Have an intelligent look at the verdict in Goodridge v DPH. In essence the majority opinion by CJ Margaret Marshall is a "roadmap" opinion for gay marriage legalization plaintiffs, an outline for how to plead such a case so that the opposition argument becomes rationally untenable and embarrassing to plead.

To my reading the argument for legalization in the opinion is essentially irrefutable. But the SJC split about the Court's powers relative to the Legislature's and Marshall didn't find the definitive argument in time to also settle that problem as decisively in time. It's a defect that the the dissenters all cite.

The plaintiffs and state courts in Oregon, Washington, California, and New York have all followed the Goodridge roadmap to get to the brink of legalization. But the opponents have all jumped on the lack of clarity about court authority, and that has made these cases far more tentative than the question of the merits of legalization.

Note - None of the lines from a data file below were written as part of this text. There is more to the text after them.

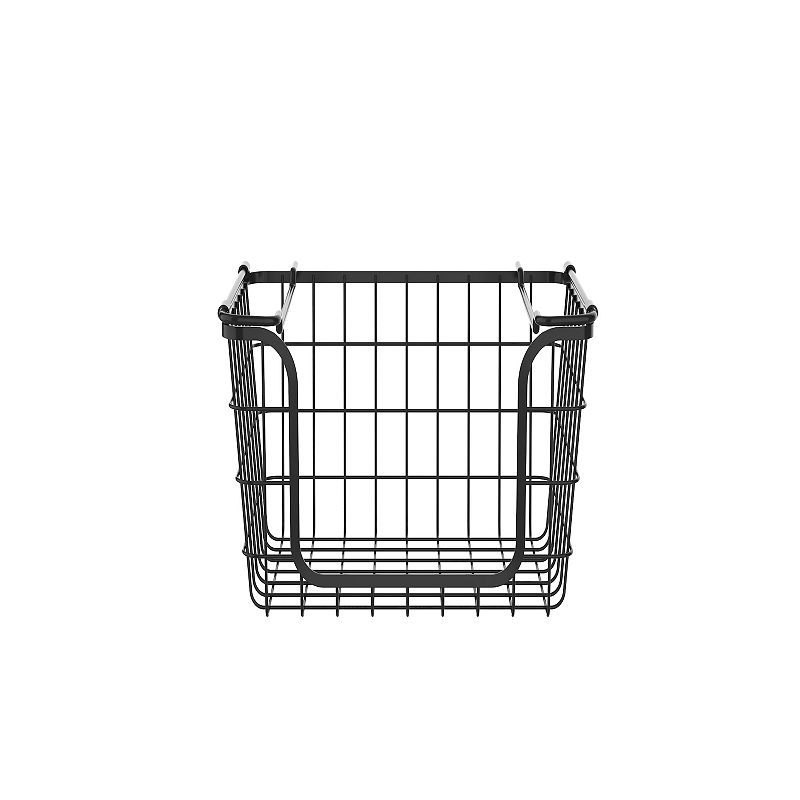 Oceanstar Stackable Metal Wire Storage Basket Set for Pantry， Countertop， Kitchen or Bathroom， Set of 3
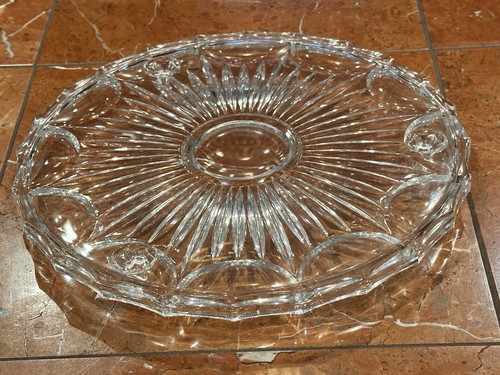 VINTAGE SUNFLOWER STARBURST CLEAR FOOTED 11.75" CAKE PLATE HEAVY CRYSTAL GLASS - Picture 5 of 7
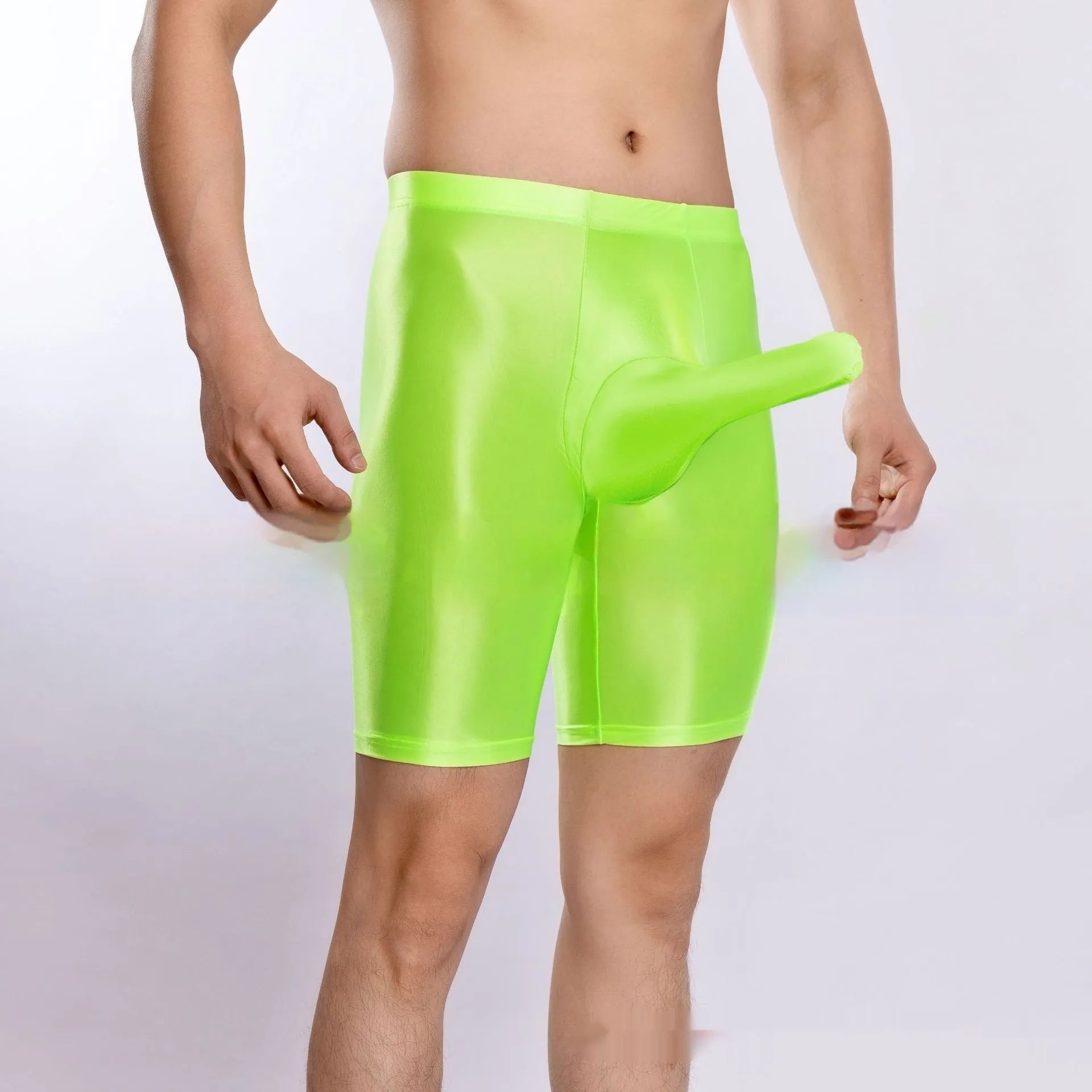 Plus size men's shiny silky nylon sports shorts shown in multiple colours including black, red, and fluorescent green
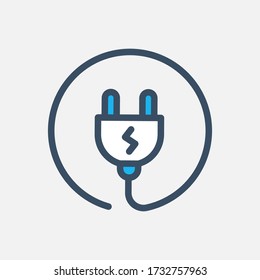 Electric plug icon designed in a flat style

There isn't a chance that the SJC will overturn itself on legalization. What Doyle v SJC represents is a second bite a the apple for Margaret Marshall, a chance to correct the remaining defect to Goodridge and complete the "roadmap".

Why this...well, you have to see the big picture and know the standard tricks the conservatives on the US Supreme Court employ against 14th Amendment Equal Protection plea cases. Inevitably, gay marriage legalization will end up before the Supreme Court in the next few years, and the Rehnquist Five have a way of 'deferring' to ambiguous and injust state laws and state legislatures in absurd fashions (e.g. Bush v Gore). That's their "states' rights" doctrine. Marshall feels the obligation to not enable this trick for them.

There's also the other Massachusetts case, Cote-Whitacre v DPH, in the works and that's Marshall's shot at laying out the groundwork, the "roadmap" argument, to overturn DoMA.

What would you have told the couple in Loving v Virginia- wait 35 or 40 years, until resistance to interracial marriage drops under 50%? Or the plaintiffs in Brown v Board of Education- wait until you win elections, in 60 or 70 years or so?

There is always a tension between power and justice. Power must be deferred to to some extent in order for some amount of peaceable coexistence, but only so much injustice can be tolerated before humanity comes into question. Life is not worth living in barbarity, however cutely gussied up. Every generation of conservatives has to discover this, it's sad to behold.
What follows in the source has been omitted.